* The data:
+===+
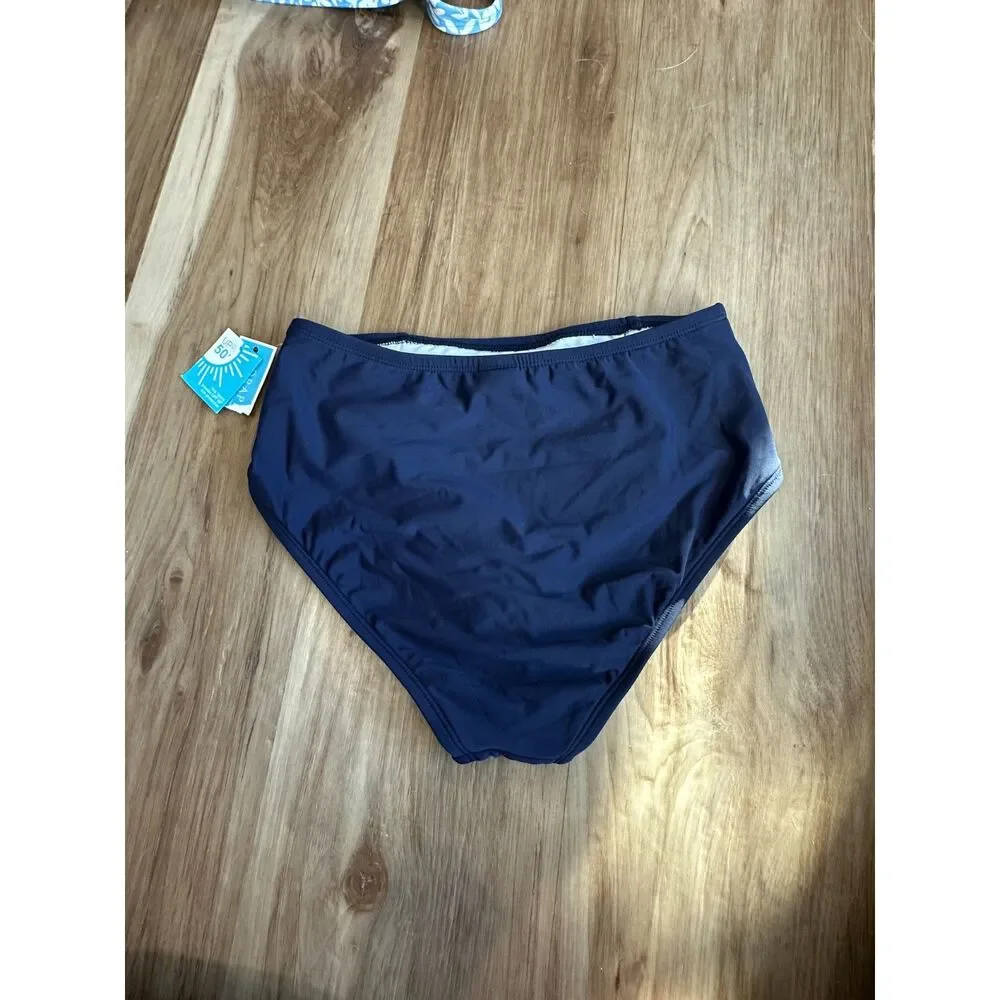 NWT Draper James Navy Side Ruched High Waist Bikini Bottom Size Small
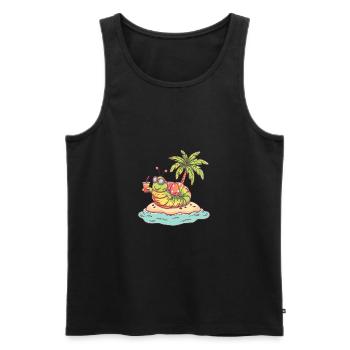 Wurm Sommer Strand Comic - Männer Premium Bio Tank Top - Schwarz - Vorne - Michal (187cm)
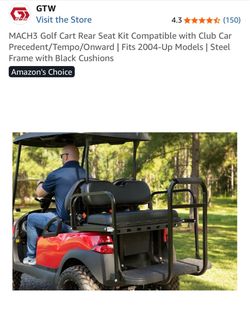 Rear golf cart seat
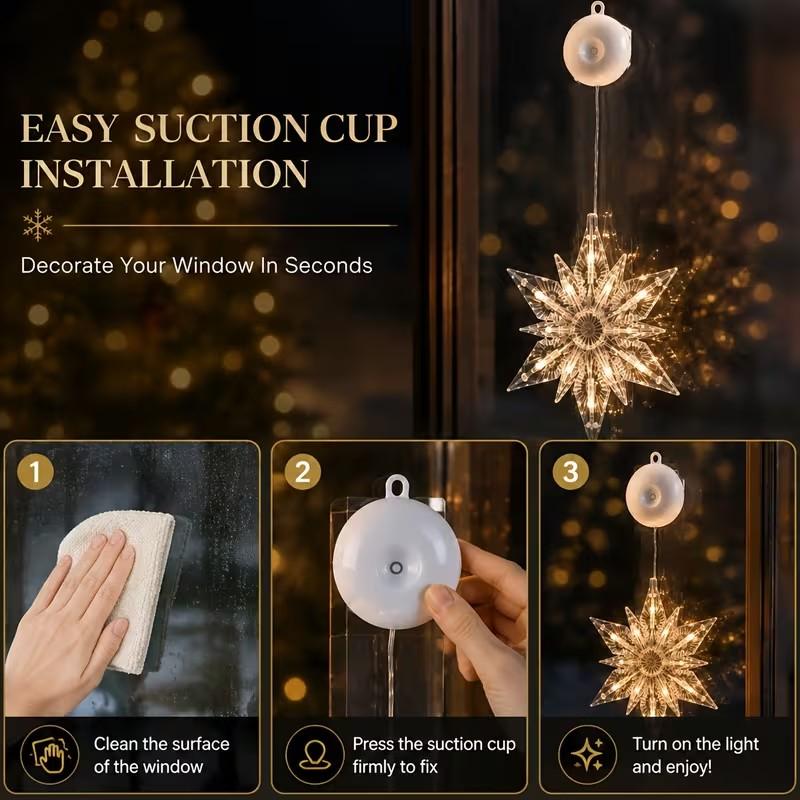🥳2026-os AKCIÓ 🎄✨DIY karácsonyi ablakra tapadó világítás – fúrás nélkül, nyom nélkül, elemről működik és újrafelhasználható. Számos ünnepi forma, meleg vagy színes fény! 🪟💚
+===+
* How to complete this task: The response has to be an exact copy of all the data, pictures excluded.

* Answer area:
 NWT Draper James Navy Side Ruched High Waist Bikini Bottom Size Small
 Wurm Sommer Strand Comic - Männer Premium Bio Tank Top - Schwarz - Vorne - Michal (187cm)
 Rear golf cart seat
🥳2026-os AKCIÓ 🎄✨DIY karácsonyi ablakra tapadó világítás – fúrás nélkül, nyom nélkül, elemről működik és újrafelhasználható. Számos ünnepi forma, meleg vagy színes fény! 🪟💚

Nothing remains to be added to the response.